Gottesstaat? Gott bewahre! Gottesstaat, Horror und Hirngespinst, von Pseudo-Muslimen an die Wand bzw. auf Fernsehschirme und Webseiten geschmiert. Niemand kann mit der tödlichen Intoleranz eines solchen Konzeptes von Gesellschaft leben, Muslime nicht, Christen und religiös nicht gebundenen Menschen erst recht nicht.
Wenigstens wir Christen haben diesen furchtbaren Irrweg hinter uns, wollte ich hoffen. Ich will es hoffen, weil der Rückblick auf die Tyrannei der verschiedenen christlichen Gottesstaaten kaum auszuhalten ist. Jesus von Nazareth selbst war immer das erste Opfer, wenn anschließend die Unangepassten, die Ketzer, die „Heiden“ ihren Inquisitionen zum Opfer fielen.

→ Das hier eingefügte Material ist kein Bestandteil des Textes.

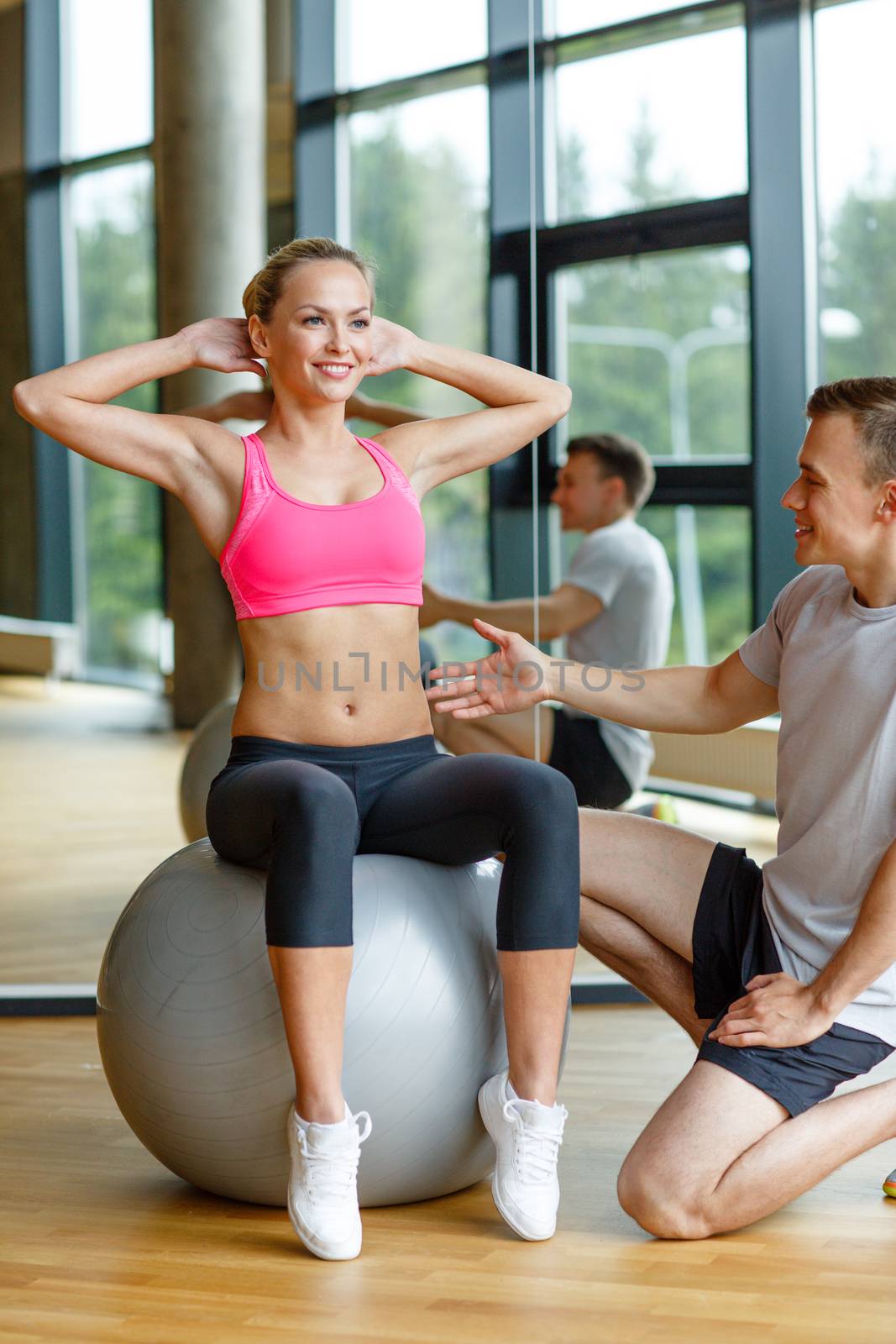 smiling man and woman with exercise ball in gym by dolgachov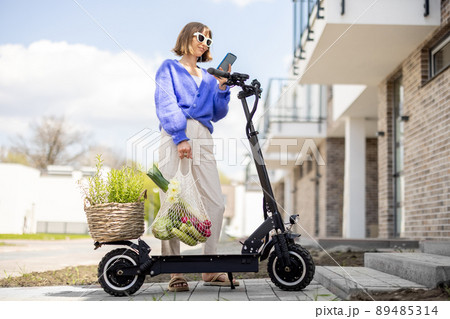 Woman going home with fresh vegetables on electrical scooter Woman going home with fresh vegetables on electrical scooter 89485314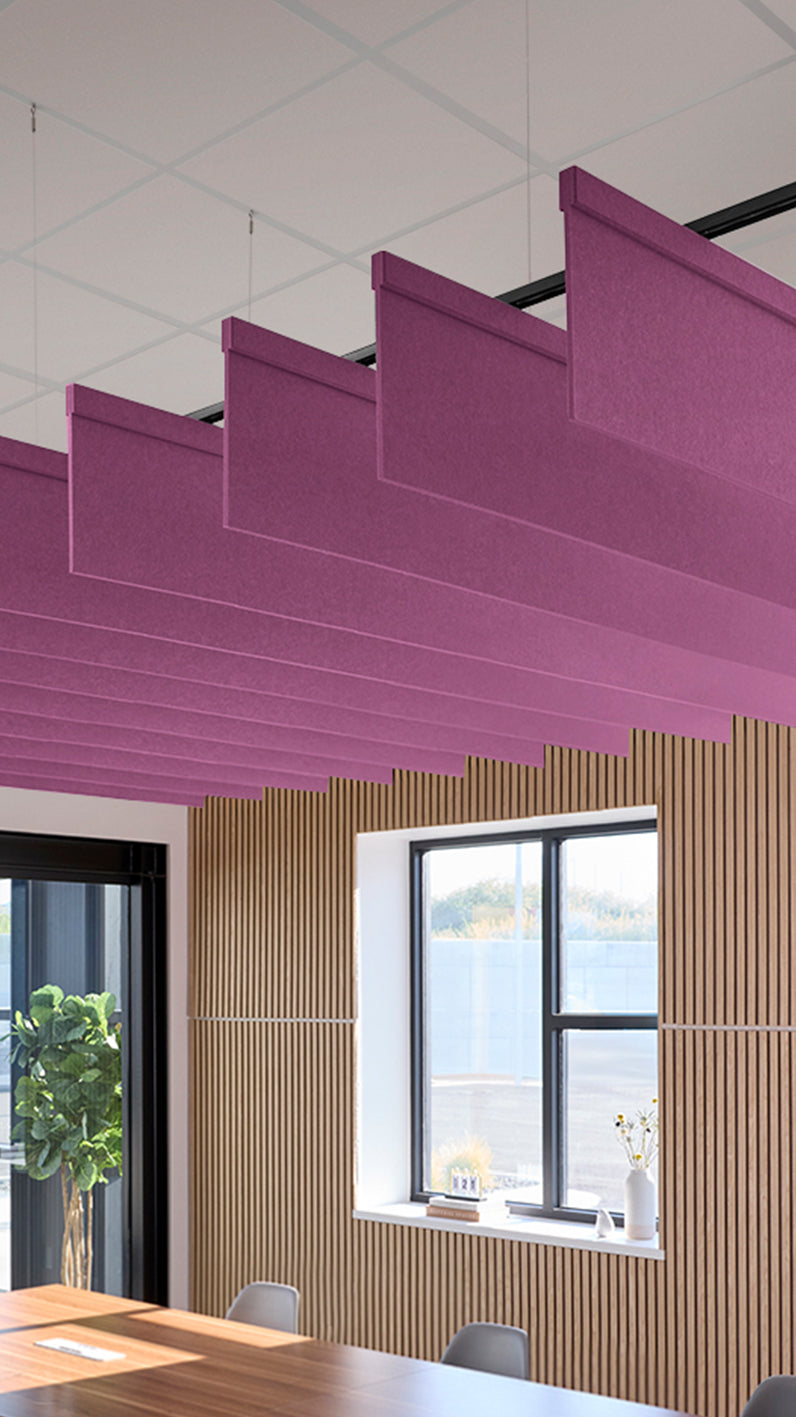 Reddish-purple acoustic ceiling blade baffles suspended from the ceiling, installed in a conference room. Felt Right's acoustic blade baffles absorb 65% of sound waves, making office spaces quieter and feel more calm.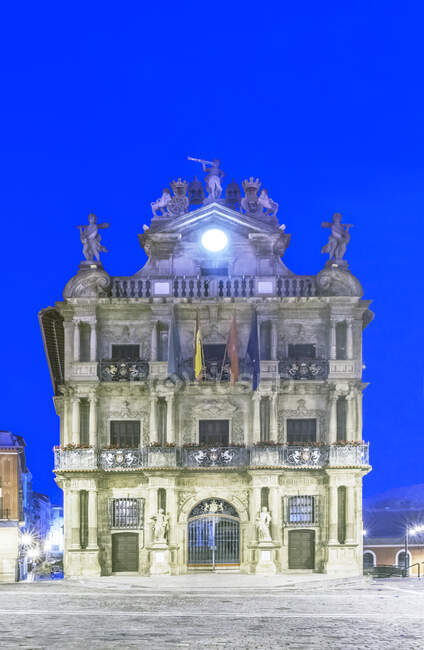 Pamplona City Hall lit up at dusk. — Stock Photo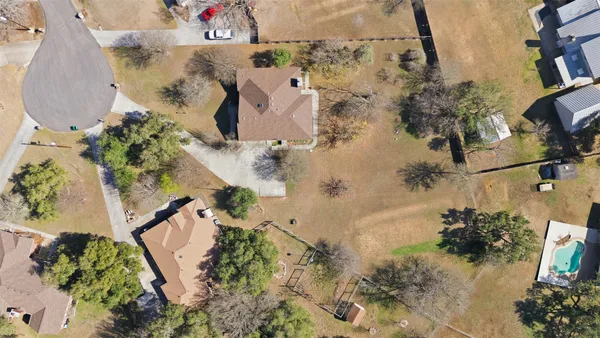 an aerial view of ocean and residential houses with outdoor space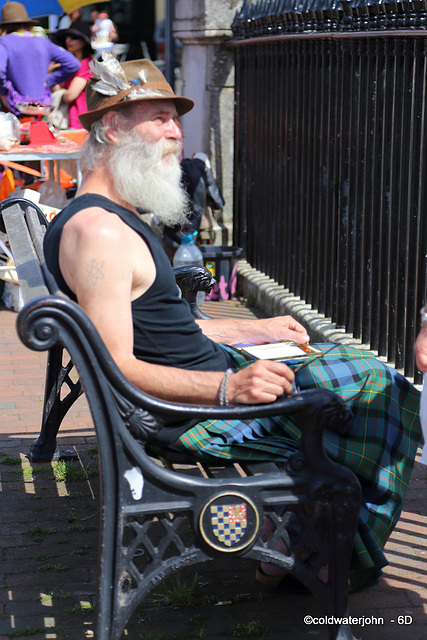 Mark Golding, artist, on Lewes High Street on a summer Saturday afternoon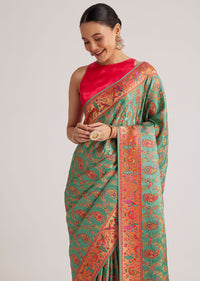 Peacock Green Satin Silk Saree With Jaal Work And Zari Border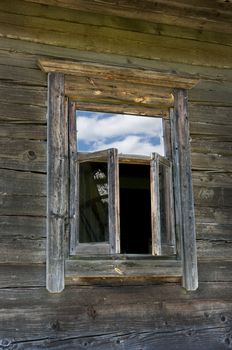 Old window on a wooden farm house wall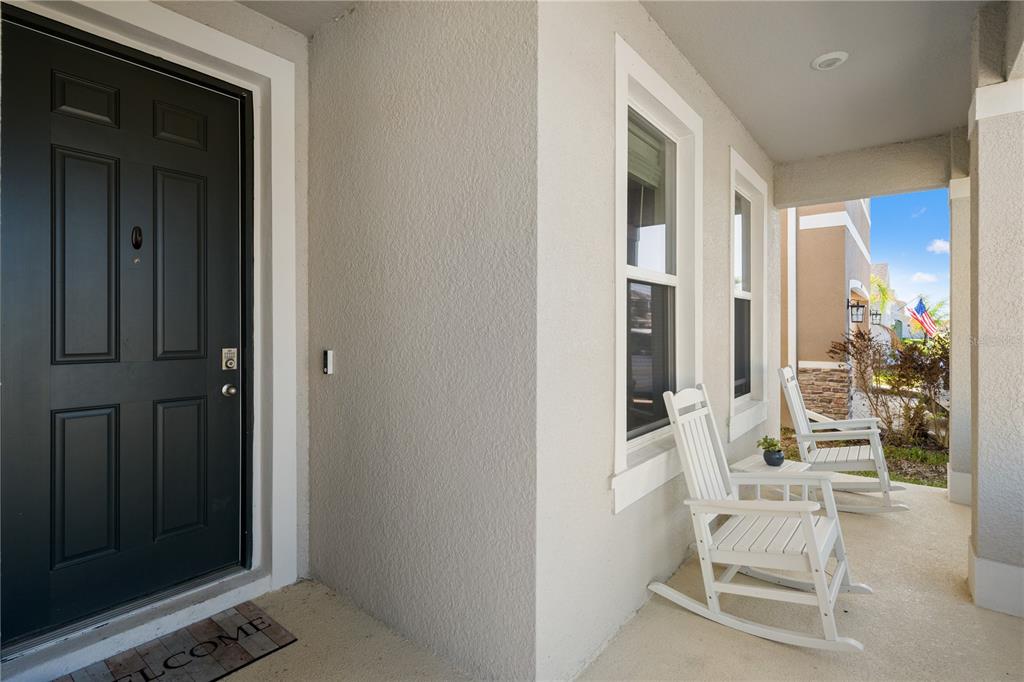 A covered front porch features a dark door, two white rocking chairs, and light-colored stucco — 6199 WANDERING WILLOW DRIVE, WESLEY CHAPEL, FL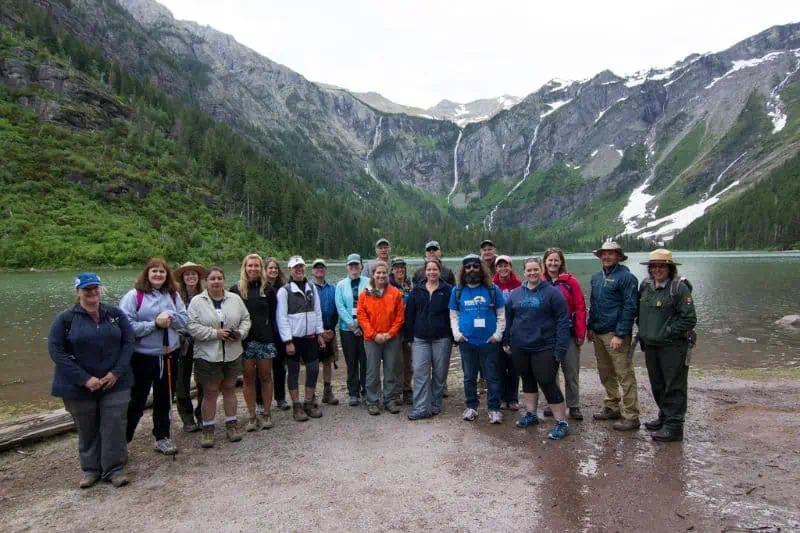 Grizzly Point Station Staff pose for a photo by the water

Heute gibt es keinen UNO-Mitgliedsstaat mehr, in dem mächtige christliche Kirchen mit Aussicht auf Erfolg verlangen könnten, anders denkenden, anders glaubenden Mitbürgern von staats wegen Bürgerrechte, Freiheit und Leben zu rauben. Wir können uns also jetzt darauf konzentrieren, den Muslimen beizustehen, die gegen den unerträglichen Missbrauch ihrer Religion aufstehen, dachte ich,
bis mir die Übersetzung eines Artikels aus der Zeitung „National“ aus dem fernen Papua-Neuguinea unter die Augen kam. Am 12. Mai war dort zu lesen, dass die Regierung es mit der Forderung einer einheimischen Lutherischen Kirche nach einer Verfassungsänderung zu tun bekommt. Ihr Sprecher fordert eine Verfassungsänderung. Die Aussagen über Religionsfreiheit sollen gestrichen und durch die Formel ersetzt werden „Wir sind eine christliche Nation.“ Zur Begründung heißt es „Im Moment öffnet unsere Verfassung die Türen für andere Religionen wie den Islam, den Buddhismus, den Hinduismus oder die Bahai.“
Nun weiß ich aus vielen Jahren kirchlicher Gremienarbeit, dass die Rolle der einheimischen Kirchen bei Entwicklung des modernen unabhängigen Staates Papua-Neuguinea kaum zu unterschätzen ist. Schulwesen, Gesundheitsdienste, ländliche Entwicklung, überall haben sie wegweisend gewirkt. Nicht zuletzt haben sie der weltweit einmaligen Vielfalt kleiner Volks- und Sprachgruppen geholfen, den Weg in die eine große Inselnation zu finden.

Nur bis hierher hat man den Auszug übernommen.